3. Better teamwork and management skills
Ever taken a personality test? What you’ll find is that people in similar jobs have similar personalities. What that means is that salespeople never have to deal with someone other than people exactly like them.
That’s good in a lot of respects, yet it can also hinder the overall development of a team leader or manager. If and when you get to the top, you’ll have to talk to lots of different people.
Working within a cross-functional team will give you exposure to an array of personalities and help you develop better interpersonal skills.
4. Better team communication
There are lots of ways to improve your team communication. Working in a cross-functional team helps you to define roles, communicate tasks clearly and work through strengths and weaknesses that you may not know you had.
5. Work quickly
The idea for a cross-functional team is to have all the necessary people, representing different skill sets in one place. Because of that fact, team members can look across the table or leave a quick comment in their project management tool and get feedback quickly.
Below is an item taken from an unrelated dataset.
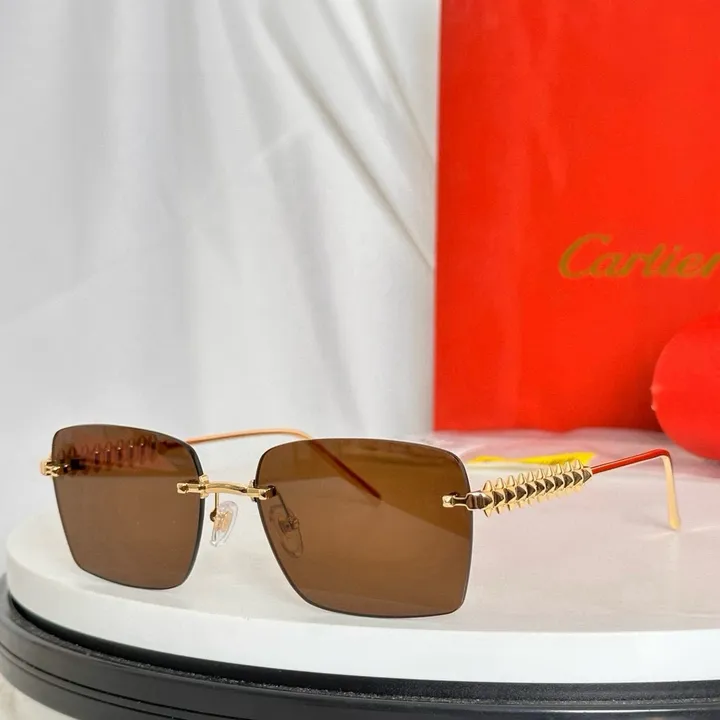 スーパーコピー カルティエ サングラス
No more 2-week waits for approval by email. Cross-functional teams can ramp up the pace at which they produce, and churn out MVPs or new concepts faster than they could on a siloed team.
6. Continuous improvement
This is one of those business jargon words that can get frequently thrown around a lot, especially if you’re in a big corporation. But here’s what it really means: how can we get better at what we’re already doing?
If you’re part of a nimble company or startup, this seems like a no-brainer. Aren’t you always trying to get better? Technically yes. But if you have a massive organization with multiple product or service lines, new improvements don’t just happen with the snap of a finger.
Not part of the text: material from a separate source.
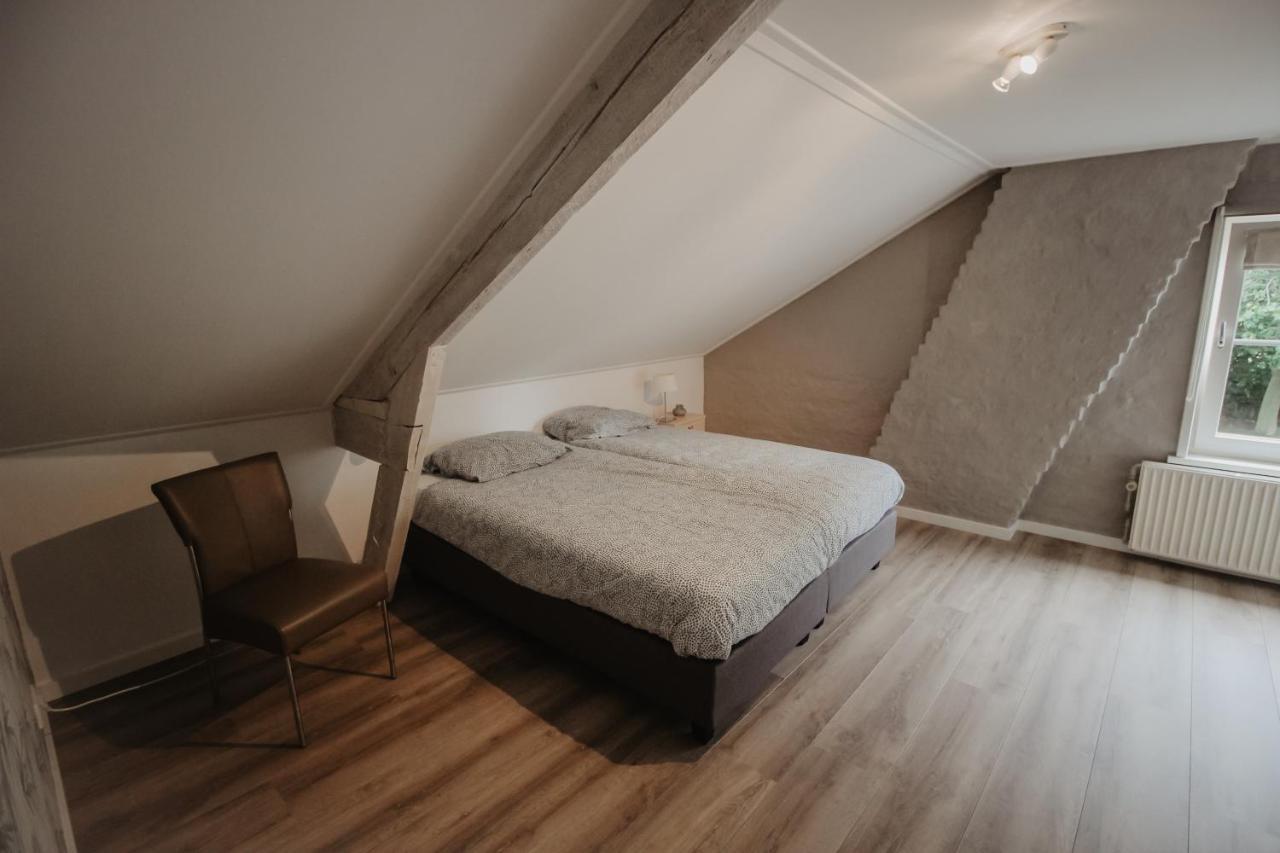 Vakantiehuis Authentieke Boerderij Woning *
It can be easy to look over a company’s landscape and realize that it’s hopeless. Continuous improvement can be a dedicated effort to change those small things before they balloon into a monstrosity.
What does this have to do with cross-functional teams? The greater engagement that a team has with its issues, the more a team member feels like they can speak up. It doesn’t mean their idea will necessarily be accepted no questions asked–but it does get the communication flowing.
Cross-functional teams will expose more individuals to different parts of the business and products, where they can then test and see what needs to be improved. And hopefully, make their voice be heard.
Scrum & Agile Cross-Functional Teams
The popularity of cross-functional teams has risen in conjunction with the popularity of agile methodologies, like scrum. Scrum teams consist of cross-functional capabilities, so that no work has to be done outside of the team for a given project or task.
Scrum teams include a product owner who sets the specs and scope and marketability; the development team who create the product; and the Scrum Master who works as a project manager keeping the project on task. This is supposed to help foster the best ideas and to be flexible while allowing the best ideas to flourish.
Because of the incremental nature of delivery, Scrum teams can alter product deliverables while in process, instead of waiting for the product or app to go to market. That way a viable product is always available, but is always being improved.
How Many People Should be on a Cross-Functional Team?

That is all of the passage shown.